* TO DO *
Look through the entries below for the line with "Volkswagen Golf 4" and the line with "[Royal&Vicky]FORCE 10 FULL", then give again exactly those two lines and all lines between them, minus the pictures.
_ _ _ _
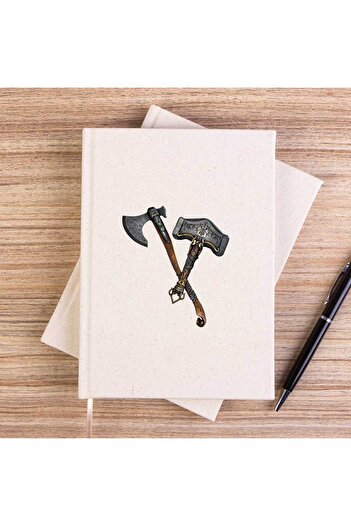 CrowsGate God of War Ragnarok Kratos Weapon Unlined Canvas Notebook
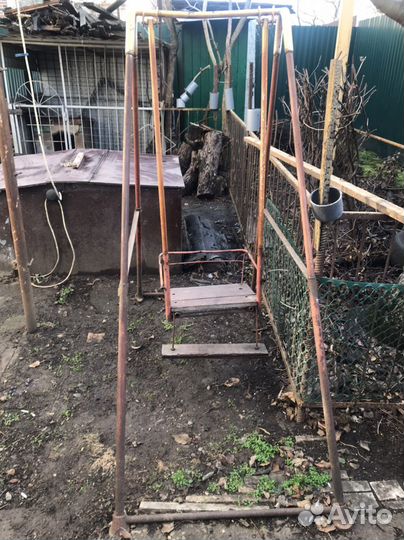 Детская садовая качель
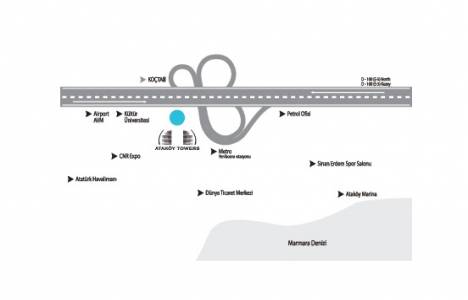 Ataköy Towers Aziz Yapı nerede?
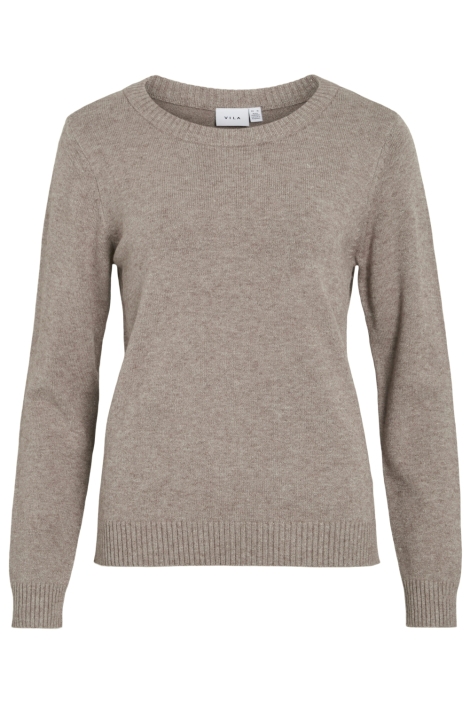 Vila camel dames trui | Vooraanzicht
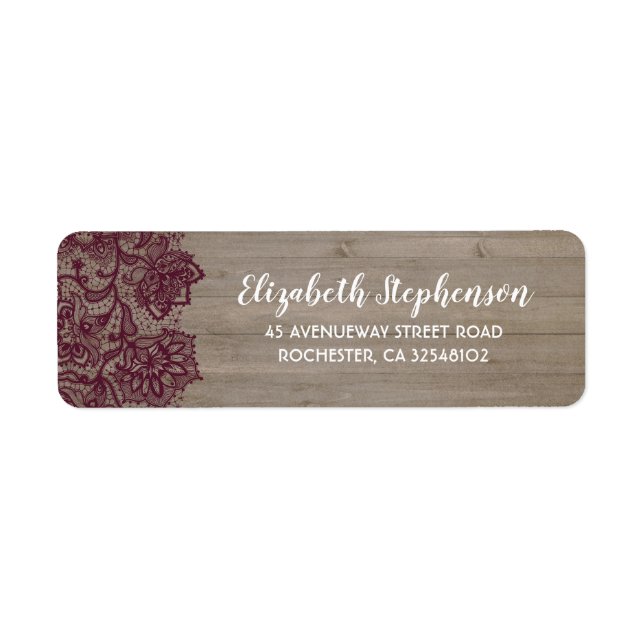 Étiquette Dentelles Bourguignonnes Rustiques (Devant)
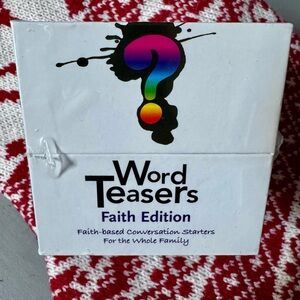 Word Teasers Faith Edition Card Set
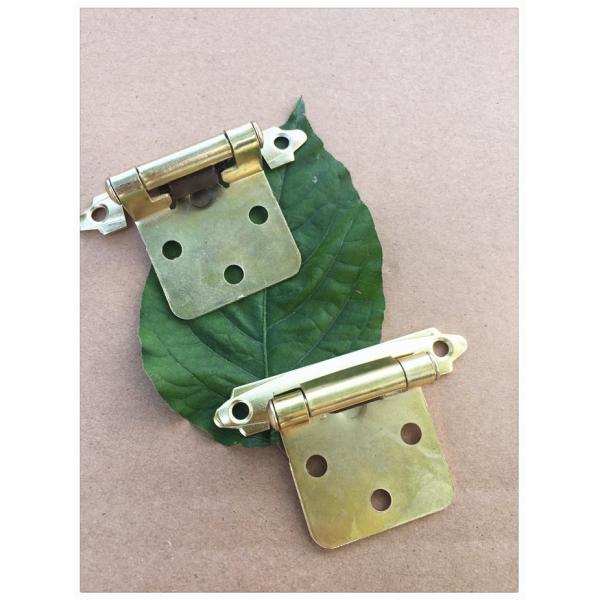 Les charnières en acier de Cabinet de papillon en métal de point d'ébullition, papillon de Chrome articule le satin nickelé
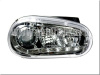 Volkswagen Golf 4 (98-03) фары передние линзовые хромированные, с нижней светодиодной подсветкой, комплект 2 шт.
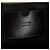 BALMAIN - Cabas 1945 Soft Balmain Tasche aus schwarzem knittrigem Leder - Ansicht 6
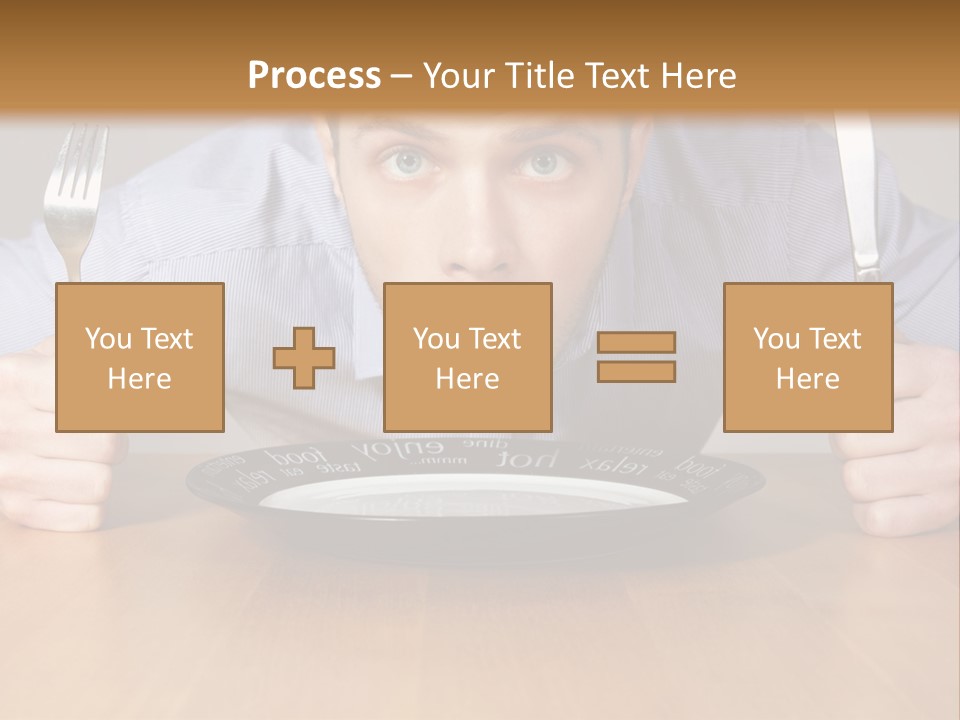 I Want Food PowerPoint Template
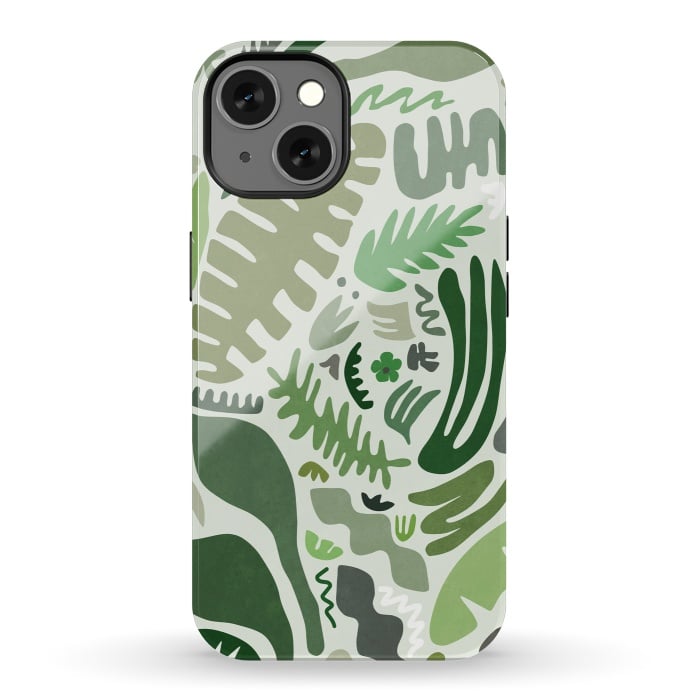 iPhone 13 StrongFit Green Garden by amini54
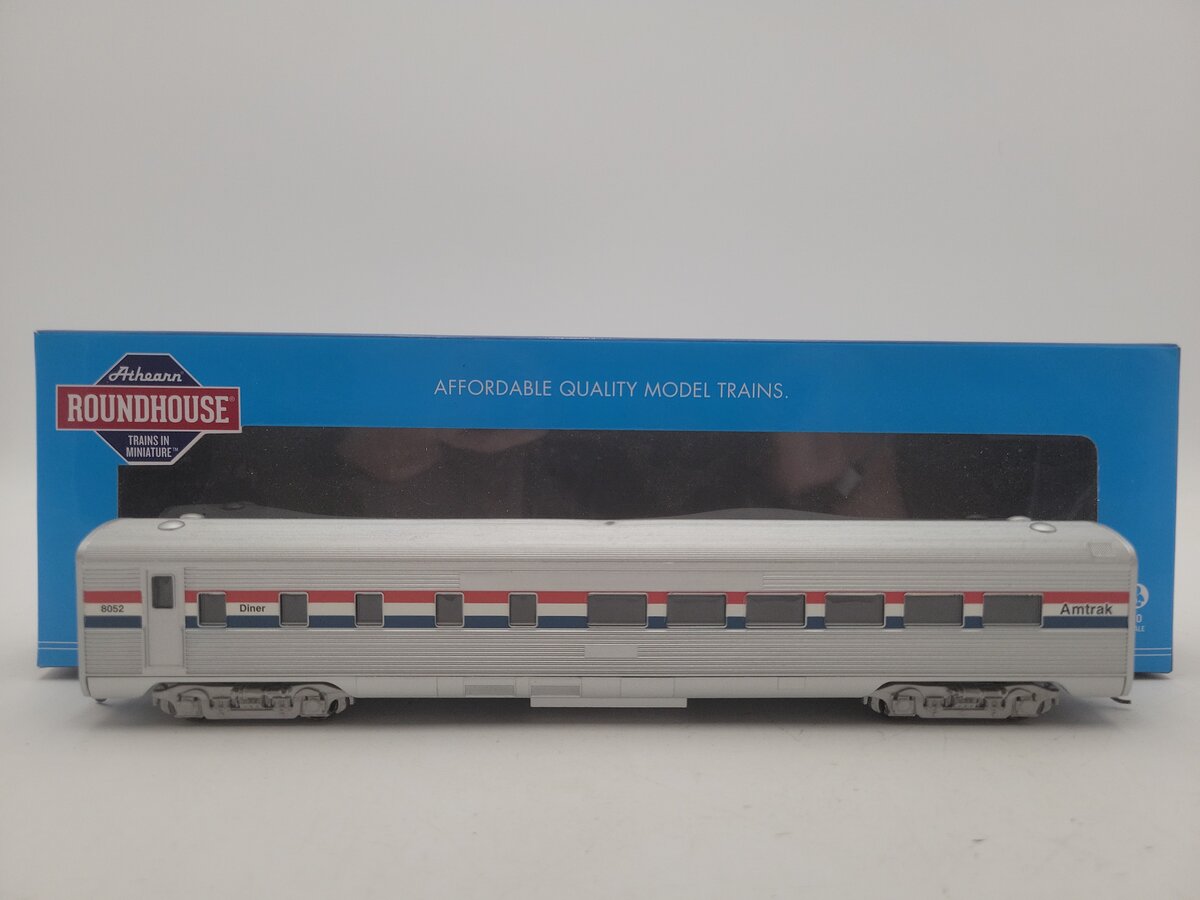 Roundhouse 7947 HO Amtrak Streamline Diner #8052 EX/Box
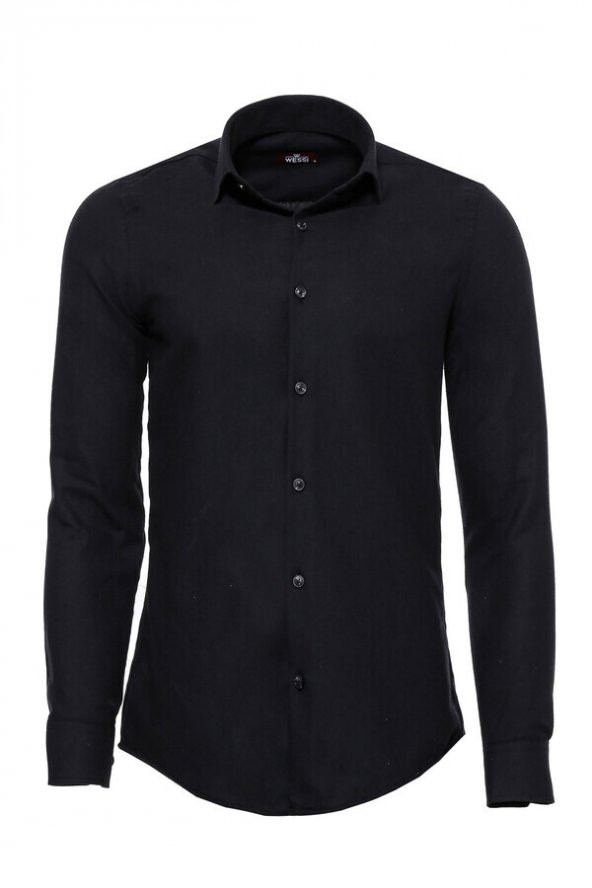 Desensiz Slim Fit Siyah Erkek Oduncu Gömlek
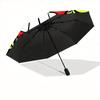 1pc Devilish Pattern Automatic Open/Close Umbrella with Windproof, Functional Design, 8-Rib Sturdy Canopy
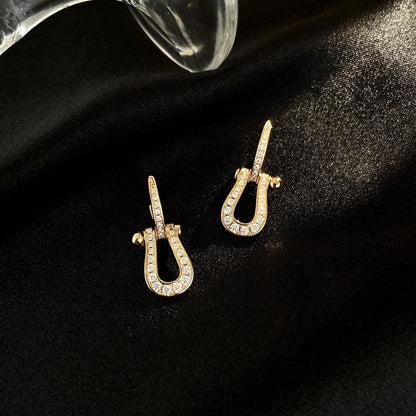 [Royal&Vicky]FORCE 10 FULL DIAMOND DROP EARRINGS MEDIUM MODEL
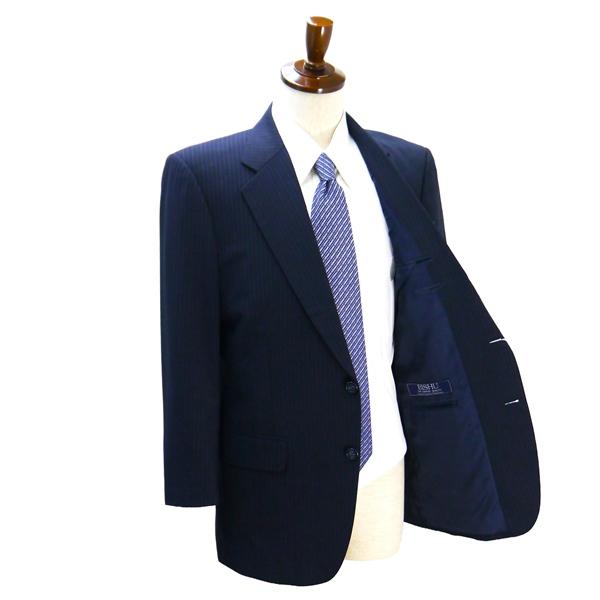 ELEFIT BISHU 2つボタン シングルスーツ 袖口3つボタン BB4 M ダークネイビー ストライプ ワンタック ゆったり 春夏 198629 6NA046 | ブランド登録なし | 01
_ _ _ _
* REPLY TO THE EXERCISE *
 Volkswagen Golf 4 (98-03) фары передние линзовые хромированные, с нижней светодиодной подсветкой, комплект 2 шт.
 BALMAIN - Cabas 1945 Soft Balmain Tasche aus schwarzem knittrigem Leder - Ansicht 6
 I Want Food PowerPoint Template
 iPhone 13 StrongFit Green Garden by amini54
 Roundhouse 7947 HO Amtrak Streamline Diner #8052 EX/Box
 Desensiz Slim Fit Siyah Erkek Oduncu Gömlek
 1pc Devilish Pattern Automatic Open/Close Umbrella with Windproof, Functional Design, 8-Rib Sturdy Canopy
 [Royal&Vicky]FORCE 10 FULL DIAMOND DROP EARRINGS MEDIUM MODEL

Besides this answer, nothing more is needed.